▶ TASK BRIEF
Please give every line below again exactly, but not its pictures.

▶ RECORDED DATA

+ + + + +

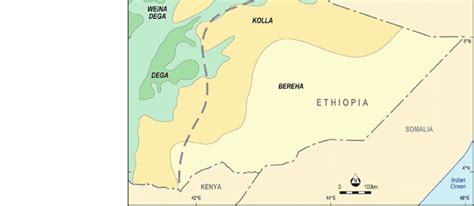 5 Climate zones, southeast Ethiopia (after Lema 1996; EMA 1988 ...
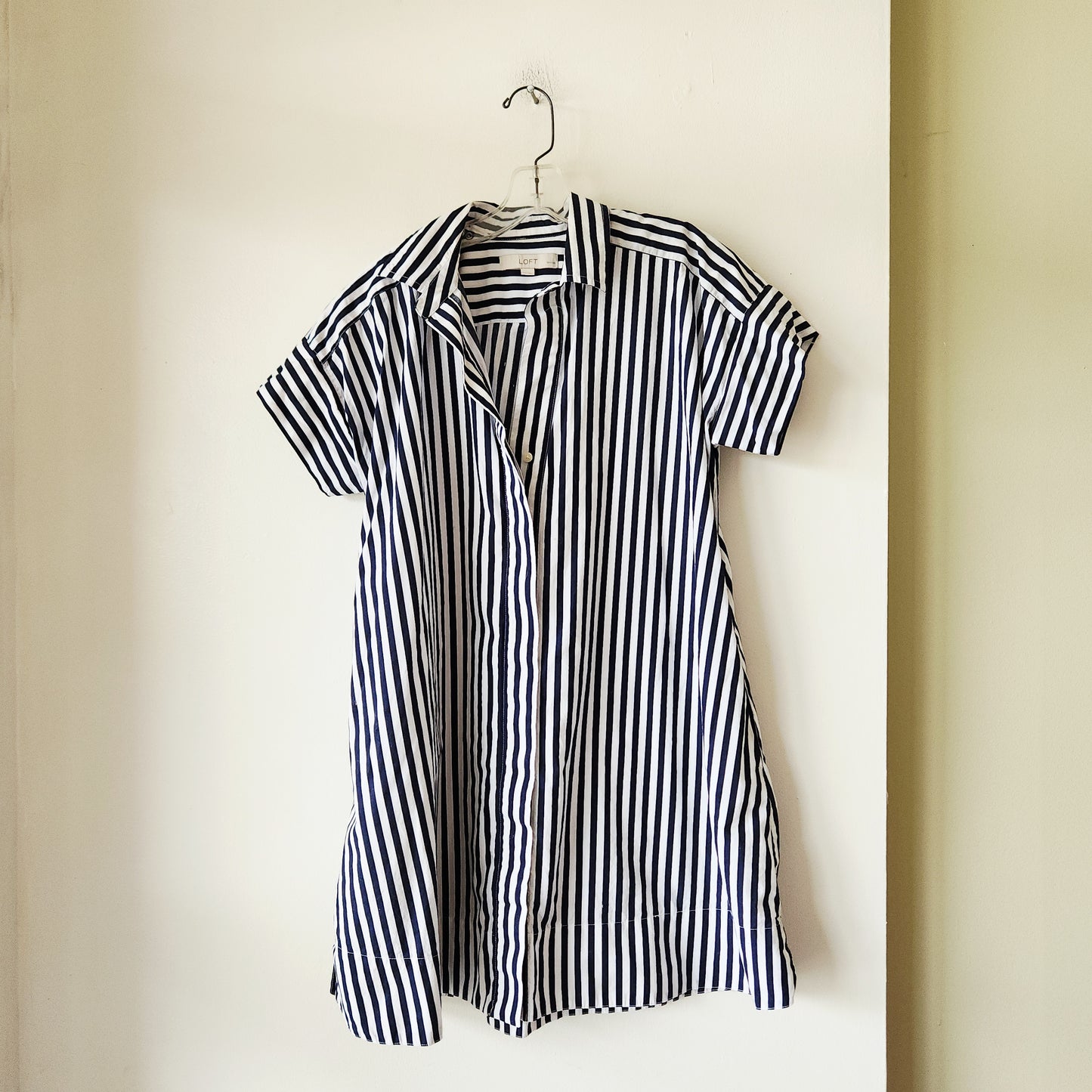 Loft Striped Shirtdress with Buttons - Petite M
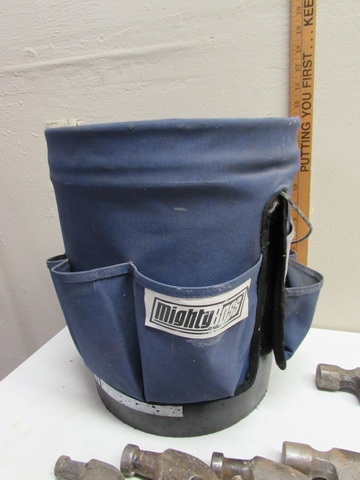 ASSORTED HAMMERS & 5-GALLON BUCKET WITH ORGANIZER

+ + + + +

▶ SOLUTION TO THIS TASK
 5 Climate zones, southeast Ethiopia (after Lema 1996; EMA 1988 ...
 Loft Striped Shirtdress with Buttons - Petite M
 ASSORTED HAMMERS & 5-GALLON BUCKET WITH ORGANIZER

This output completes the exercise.